▸ WORK INSTRUCTIONS
Everything in the listing below needs to be retyped exactly.

▸ PROVIDED DATA
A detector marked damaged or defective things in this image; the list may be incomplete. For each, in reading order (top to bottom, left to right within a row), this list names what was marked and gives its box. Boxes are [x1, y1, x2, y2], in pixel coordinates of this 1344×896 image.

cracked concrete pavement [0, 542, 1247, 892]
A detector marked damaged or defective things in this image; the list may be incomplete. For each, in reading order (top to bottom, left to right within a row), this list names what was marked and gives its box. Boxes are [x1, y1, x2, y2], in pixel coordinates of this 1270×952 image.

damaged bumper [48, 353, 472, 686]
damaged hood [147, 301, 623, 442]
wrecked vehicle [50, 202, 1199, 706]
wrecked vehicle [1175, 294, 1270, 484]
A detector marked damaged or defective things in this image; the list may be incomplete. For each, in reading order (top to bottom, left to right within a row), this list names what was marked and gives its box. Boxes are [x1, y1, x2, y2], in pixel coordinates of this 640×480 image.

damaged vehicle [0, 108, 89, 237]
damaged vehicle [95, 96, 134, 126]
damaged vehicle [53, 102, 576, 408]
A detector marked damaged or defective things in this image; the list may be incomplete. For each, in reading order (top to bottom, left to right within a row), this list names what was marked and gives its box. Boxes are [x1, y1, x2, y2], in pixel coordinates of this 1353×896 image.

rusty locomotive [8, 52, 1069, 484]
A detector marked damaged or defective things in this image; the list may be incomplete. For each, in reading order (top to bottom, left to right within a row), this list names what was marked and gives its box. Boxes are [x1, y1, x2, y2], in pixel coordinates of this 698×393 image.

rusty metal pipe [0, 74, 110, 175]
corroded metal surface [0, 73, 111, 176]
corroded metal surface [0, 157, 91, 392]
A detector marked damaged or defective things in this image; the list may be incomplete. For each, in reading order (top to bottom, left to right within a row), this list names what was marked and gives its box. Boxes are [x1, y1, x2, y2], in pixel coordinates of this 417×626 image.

▸ OUTPUT BELOW
A detector marked damaged or defective things in this image; the list may be incomplete. For each, in reading order (top to bottom, left to right within a row), this list names what was marked and gives its box. Boxes are [x1, y1, x2, y2], in pixel coordinates of this 1344×896 image.

cracked concrete pavement [0, 542, 1247, 892]
A detector marked damaged or defective things in this image; the list may be incomplete. For each, in reading order (top to bottom, left to right within a row), this list names what was marked and gives its box. Boxes are [x1, y1, x2, y2], in pixel coordinates of this 1270×952 image.

damaged bumper [48, 353, 472, 686]
damaged hood [147, 301, 623, 442]
wrecked vehicle [50, 202, 1199, 706]
wrecked vehicle [1175, 294, 1270, 484]
A detector marked damaged or defective things in this image; the list may be incomplete. For each, in reading order (top to bottom, left to right within a row), this list names what was marked and gives its box. Boxes are [x1, y1, x2, y2], in pixel coordinates of this 640×480 image.

damaged vehicle [0, 108, 89, 237]
damaged vehicle [95, 96, 134, 126]
damaged vehicle [53, 102, 576, 408]
A detector marked damaged or defective things in this image; the list may be incomplete. For each, in reading order (top to bottom, left to right within a row), this list names what was marked and gives its box. Boxes are [x1, y1, x2, y2], in pixel coordinates of this 1353×896 image.

rusty locomotive [8, 52, 1069, 484]
A detector marked damaged or defective things in this image; the list may be incomplete. For each, in reading order (top to bottom, left to right within a row), this list names what was marked and gives its box. Boxes are [x1, y1, x2, y2], in pixel coordinates of this 698×393 image.

rusty metal pipe [0, 74, 110, 175]
corroded metal surface [0, 73, 111, 176]
corroded metal surface [0, 157, 91, 392]
A detector marked damaged or defective things in this image; the list may be incomplete. For each, in reading order (top to bottom, left to right within a row), this list names what was marked and gives its box. Boxes are [x1, y1, x2, y2], in pixel coordinates of this 417×626 image.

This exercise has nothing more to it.